Records for this exercise: Begin

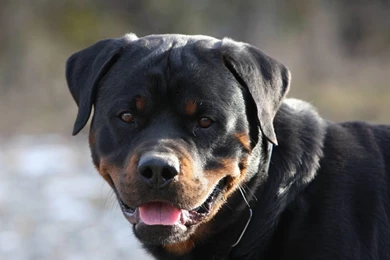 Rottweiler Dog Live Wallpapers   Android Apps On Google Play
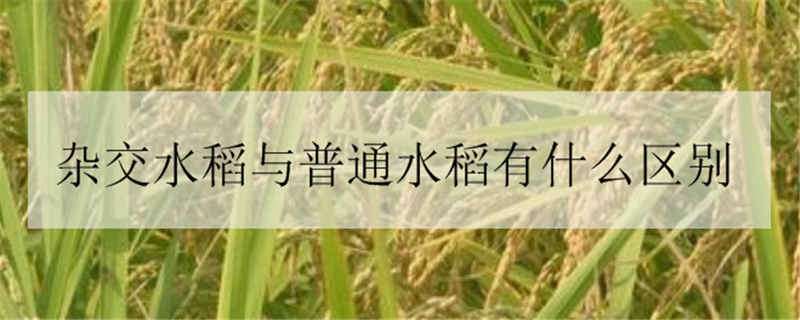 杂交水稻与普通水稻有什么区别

Records for this exercise: End
Records for this exercise: Begin

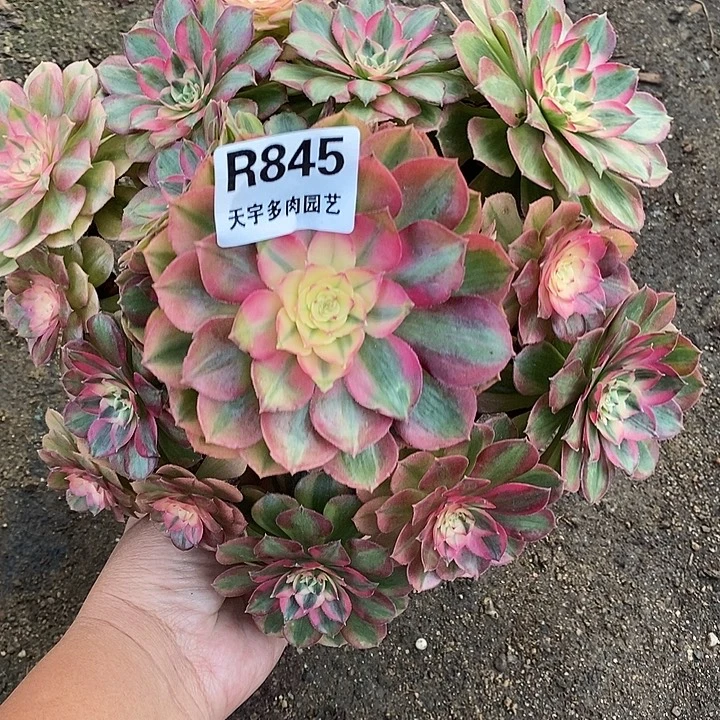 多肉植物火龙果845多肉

Records for this exercise: End
Records for this exercise: Begin

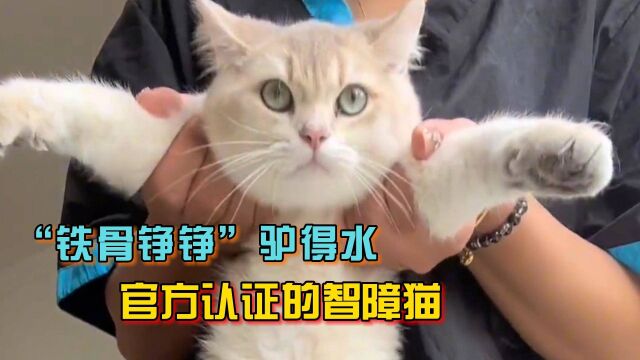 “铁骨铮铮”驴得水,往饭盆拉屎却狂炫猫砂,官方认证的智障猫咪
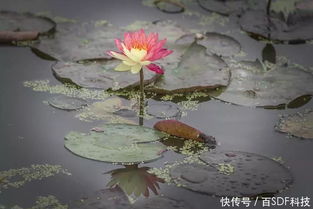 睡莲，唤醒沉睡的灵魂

Records for this exercise: End

• [What is being asked] Because only one stretch of the records is wanted, please output the lines from the one holding "Rottweiler Dog Live" through the one holding "杂交水稻与普通水稻有什么区别" exactly, both included, and leave every picture out.

• [Answer space]
 Rottweiler Dog Live Wallpapers   Android Apps On Google Play
 杂交水稻与普通水稻有什么区别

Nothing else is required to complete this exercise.